[RECORDS TO USE — start]
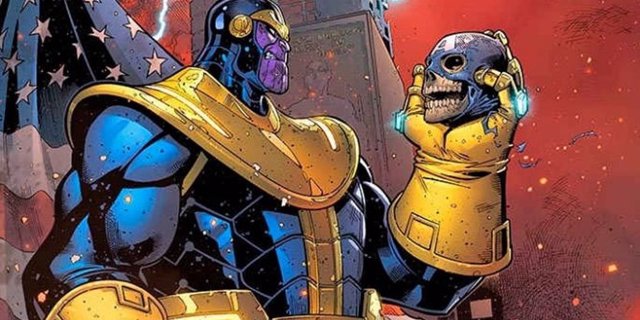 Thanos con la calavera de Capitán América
[RECORDS TO USE — finish]
[RECORDS TO USE — start]
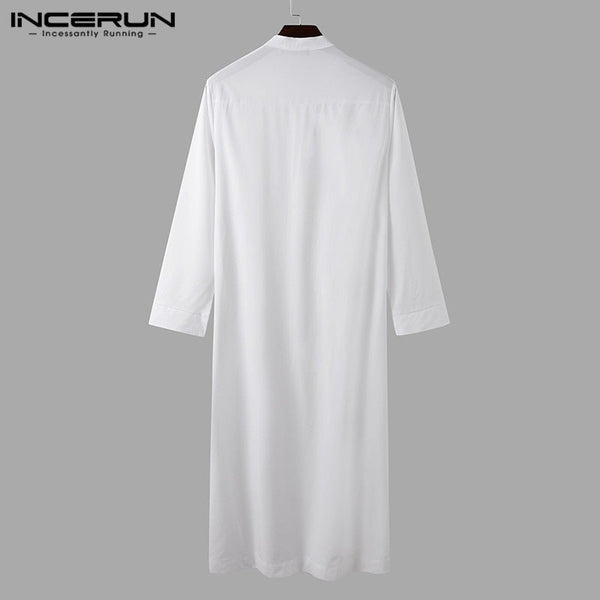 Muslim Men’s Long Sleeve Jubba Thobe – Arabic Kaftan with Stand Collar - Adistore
[RECORDS TO USE — finish]
[RECORDS TO USE — start]
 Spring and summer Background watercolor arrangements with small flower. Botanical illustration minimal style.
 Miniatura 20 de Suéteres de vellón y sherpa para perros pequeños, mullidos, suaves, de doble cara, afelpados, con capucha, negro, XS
[RECORDS TO USE — finish]
◆ **WORK REQUIRED**
Retype, exactly and in full, the lines above from the one containing "Spring and summer" through the one containing "Miniatura 20 de".

◆ **SOLUTION FOR THIS PROBLEM**
 Spring and summer Background watercolor arrangements with small flower. Botanical illustration minimal style.
 Miniatura 20 de Suéteres de vellón y sherpa para perros pequeños, mullidos, suaves, de doble cara, afelpados, con capucha, negro, XS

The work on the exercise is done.